Everyone has problems, and every problems has its solutions, whether right or wrong. Mr Dave used the wrong solution and he must pay for it, no matter how dire the situation was. I just hope he had learnt his lesson and can recuperate after his jail term.

3.Recent articles usually talk about rising food and oil prices, the struggles to cope with inflation and a possible economic recession. Yet somehow, although Singapore definitely is affected, the impact on the republic is not as devastating as other countries.
Dwindling resources in Australia is just going to raise food prices up, thus importers of Australia, namely Singapore, will be affected. Maximising resources seems the way to go if resources continue to dip.
Or is it?
Maximising resources can mean using food as biofuel to supply to those ever big oil-consuming nations. One way to do it, but it also further raises food prices, as some of the food will be for fuel, which means lesser for consumption and higher prices will follow.

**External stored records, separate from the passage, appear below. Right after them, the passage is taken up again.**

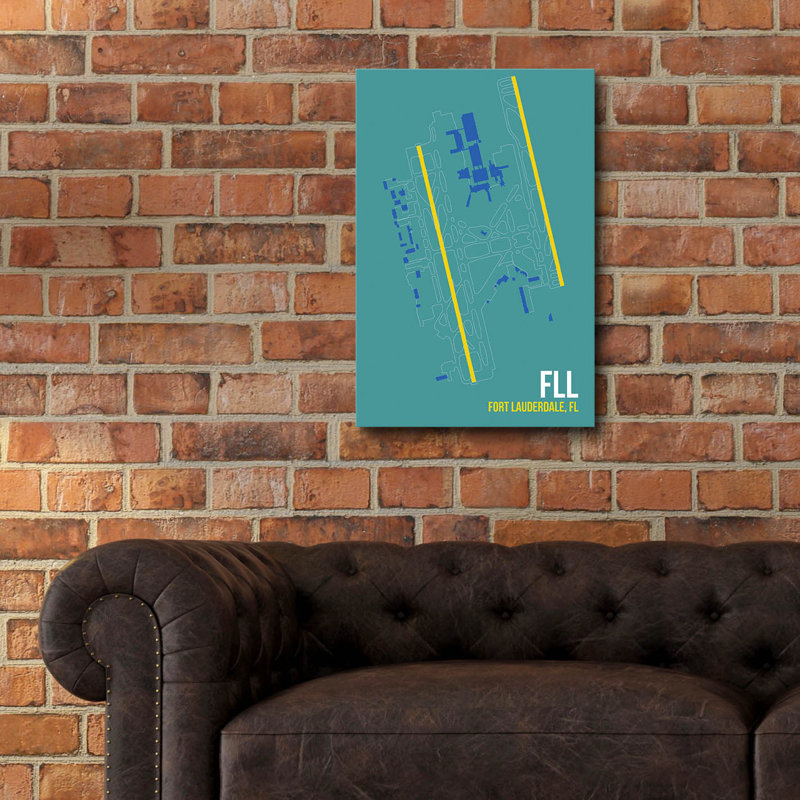 Art mural en verre acrylique, "FLL" par O8, 16 po x 24 po, H 24 po x l 16 po x P 0,2 po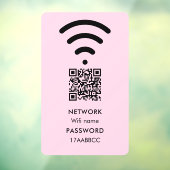 Scannen om Wifi-netwerk te verbinden QR-code Moder Raamsticker (Vel 3)
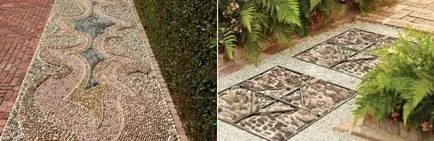 Mosaic az ország saját kezűleg, mozaik dekoráció ötletek képet (a) Mozaik az ország saját kezűleg, egy fotó mozaik dekoráció ötletek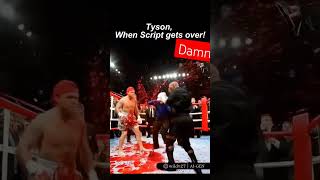 Tyson When Script gets over! Jake vs tyson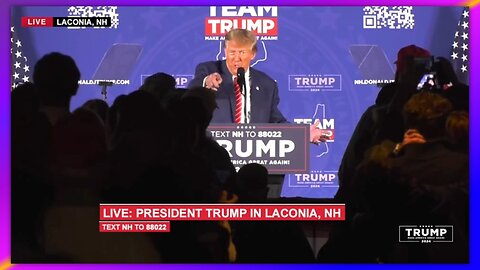 PRESIDENT TRUMP IN LACONIA, NH - JANUARY 22, 2024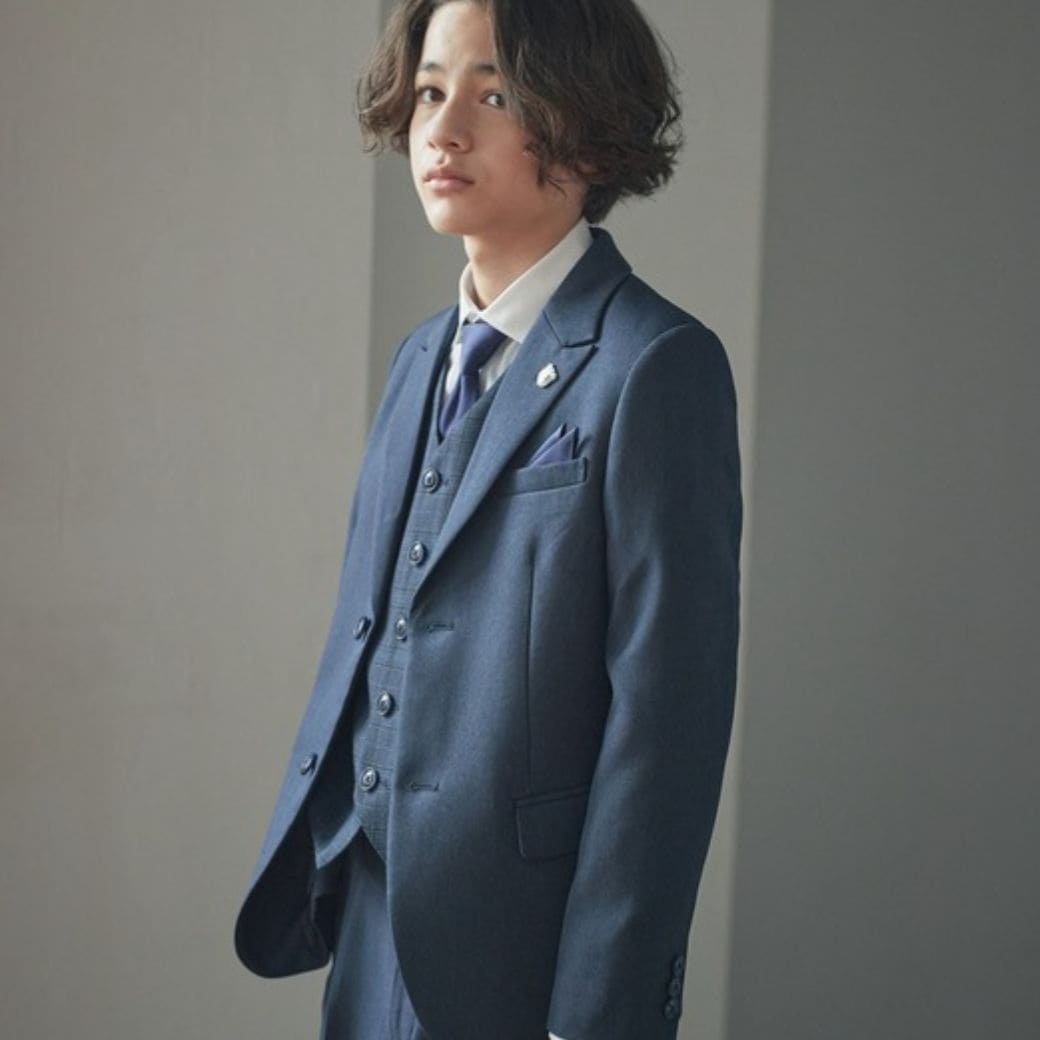 《26年新作》【WEB限定】チェックベストスリーピーススーツ 140 150 160 170cm (8601-5692) CHOPIN/ショパン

All Singaporeans, one way or another, will feel the pinch in their wallets. But i daresay we got off quite good. Sure people here will try to find discount prices, but in other countries, it is a totally different story. Africa, in general, is already so devastated, so poor that the governments are having a hard time to recover. Their average GDP is much less than ours, their economies are backlash and the political system is just so courrpt. Couple these problems with the rising prices, the Africans will end up suffering the most. More people die of hunger. Singaporeans rarely die of starvation.
Of course, from now until the point of recovery, we all would be relying on cheaper food products and petroleum. Trying every way to scrape and save in order to save more money. We would see a hike in the sales of less oil-consuming cars and local food products. Forking out that extra fifteen-cents for that bag of chips and whatnot. Whatever we do, the current affairs will be responsible, whether directly or indirectly. We just have to adapt to it, else things will turn for the worse.